Key Points
- Use the highest‑yield diagnostic test early; do not let testing delay time‑critical therapy.
- Set objective targets (hemodynamic, neurologic, respiratory) and reassess frequently.
- Plan definitive source control or reperfusion when indicated; document follow‑up and patient education.
Algorithm
- Pre‑arrival activation; record last‑known‑well, NIHSS on arrival; POC glucose.
- Immediate non‑contrast CT; if no hemorrhage and eligible → IV alteplase ≤4.5 h.
- Parallel CTA for LVO; activate thrombectomy team when LVO suspected.
- Extended window (6–24 h) → select with perfusion imaging per DAWN/DEFUSE‑3 criteria; proceed to MT when eligible.
- Manage BP (pre‑tPA <185/110; post‑tPA ≤180/105); admit to ICU/stroke unit for 24 h monitoring.
- Repeat imaging at 24 h; start antithrombotic per protocol; secondary prevention workup (AFib, carotid, lipids).
Clinical Synopsis & Reasoning
Rapid triage by last‑known‑well and stroke severity, non‑contrast CT to exclude hemorrhage, CTA for LVO, IV alteplase within 4.5 h when eligible, and mechanical thrombectomy up to 24 h in selected patients; strict BP and neuro monitoring after reperfusion.
Treatment Strategy & Disposition
Stabilize ABCs. Initiate guideline‑concordant first‑line therapy with precise dosing and continuous monitoring. Escalate to advanced/procedural interventions based on explicit failure criteria. Define ICU, step‑down, and ward disposition triggers; involve specialty teams early.
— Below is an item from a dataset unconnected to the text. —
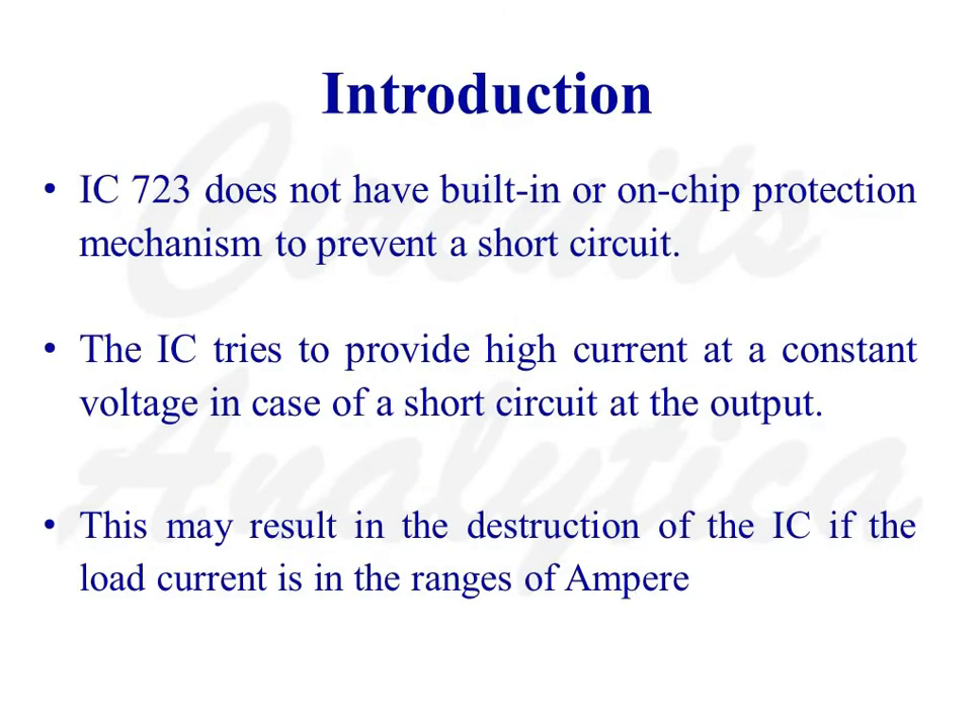This video covers current boosting and current limiting in IC723. IC723 does not have a built-in or on-chip protection mechanism to prevent a short circuit. The IC tries to provide high current at a constant voltage in case of a short circuit at the output, which may result in the destruction of the IC if the load current is in the range of amperes.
Epidemiology / Risk Factors
- Risk varies by comorbidity and precipitants; see citations for condition‑specific data.
Investigations
Test | Role / Rationale | Typical Findings | Notes |
---|---|---|---|
Non‑contrast head CT | Exclude hemorrhage | No bleed in AIS | Do not delay if window narrow |
CTA head/neck ± CTP/MR perfusion | LVO selection | Target occlusion/penumbra | For extended‑window MT selection |
Glucose, INR/platelets | Eligibility checks | Abnormalities may preclude lytics | Point‑of‑care when possible |
Pharmacology
Medication/Intervention | Mechanism | Onset | Role in Therapy | Limitations |
---|---|---|---|---|
Alteplase (tPA) 0.9 mg/kg (max 90 mg) | Thrombolytic | Minutes | IV thrombolysis ≤4.5 h (10% bolus, rest over 60 min) | Standard contraindications; post‑tPA BP ≤180/105 |
Nicardipine/clevidipine infusion | Antihypertensive | Minutes | Pre/post‑reperfusion BP control | Avoid hypotension |
Aspirin | Antiplatelet | Hours | Start 24 h post‑tPA if no bleed | Earlier if no tPA and no hemorrhage |
Prognosis / Complications
- Outcome depends on timeliness of diagnosis and definitive therapy; monitor for complications.
Patient Education / Counseling
- Provide red‑flag education, adherence guidance, and explicit return precautions; arrange timely specialty follow‑up.